Researchers from the University of Strathclyde in Scotland have begun developing a new Light Fidelity (know as ‘Li-Fi’) technology that could turn ordinary LED lights into a sophisticated wireless communications network like WiFi. The technology works much like infrared remote controls, only much more powerful.
This is not a new idea, with German scientists creating an 800Mbps capable wireless network by using nothing more than normal red, blue, green and white LED light bulbs back in 2011. But the University of Strathclyde is leading a groupof UK universities, funded by the Engineering and Physical Sciences Research Council (EPSRC), to develop its own version of the technology.
How it works
LED lights flicker on and off thousands of times a second. By altering the length of the flickers you can introduce digital communications. Most of the other teams are developing Li-Fi LEDs of around 1mm2 in size, while at Strathclyde University they plan to use micron-sized LEDs. This is because the smaller micron-sized LEDs are able to flicker on and off around 1,000 times quicker than the larger LEDs, offering faster data transfers and taking up less space. The LEDs could be used as lights, say for a screen displaying information, at the same time as providing internet.

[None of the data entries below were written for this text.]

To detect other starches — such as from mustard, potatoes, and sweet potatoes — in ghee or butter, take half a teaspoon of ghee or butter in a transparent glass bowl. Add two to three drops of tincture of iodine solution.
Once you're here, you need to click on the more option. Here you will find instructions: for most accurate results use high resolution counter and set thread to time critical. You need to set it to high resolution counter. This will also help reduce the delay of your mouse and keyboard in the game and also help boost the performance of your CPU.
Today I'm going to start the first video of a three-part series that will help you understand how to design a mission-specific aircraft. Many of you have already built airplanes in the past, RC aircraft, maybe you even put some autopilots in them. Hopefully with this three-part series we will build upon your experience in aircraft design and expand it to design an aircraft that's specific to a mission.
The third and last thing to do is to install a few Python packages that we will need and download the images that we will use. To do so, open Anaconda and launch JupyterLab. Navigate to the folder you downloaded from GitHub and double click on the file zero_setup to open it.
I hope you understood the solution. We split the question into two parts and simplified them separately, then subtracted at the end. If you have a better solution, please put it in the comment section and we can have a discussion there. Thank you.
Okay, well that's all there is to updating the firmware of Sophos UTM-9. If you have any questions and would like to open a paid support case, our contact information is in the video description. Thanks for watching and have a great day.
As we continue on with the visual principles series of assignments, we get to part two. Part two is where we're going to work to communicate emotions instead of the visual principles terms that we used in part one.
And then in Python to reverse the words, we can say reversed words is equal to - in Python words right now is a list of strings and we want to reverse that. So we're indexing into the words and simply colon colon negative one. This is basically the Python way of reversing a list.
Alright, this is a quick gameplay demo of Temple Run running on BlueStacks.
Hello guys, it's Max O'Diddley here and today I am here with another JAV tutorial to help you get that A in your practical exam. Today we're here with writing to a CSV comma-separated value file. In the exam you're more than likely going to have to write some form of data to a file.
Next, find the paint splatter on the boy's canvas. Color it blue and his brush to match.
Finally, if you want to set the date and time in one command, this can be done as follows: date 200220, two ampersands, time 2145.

Professor Martin Dawson of Strathclyde University explains the potential benefits: “This is technology that could start to touch every aspect of human life within a decade. Imagine a LED array beside a motorway helping to light the road, displaying the latest traffic updates and transmitting internet information wirelessly to passengers’ laptops, netbooks and smartphones. This is the kind of extraordinary, energy-saving parallelism that we believe our pioneering technology could deliver.”
There are, however, drawbacks. For example, light is easily blocked by things like walls. This could be a great breakthrough in internet communications, but don;t expect to see it implemented any time soon.
What do you think? Is Li-Fi technology something you’d like to see for the future of wireless communications?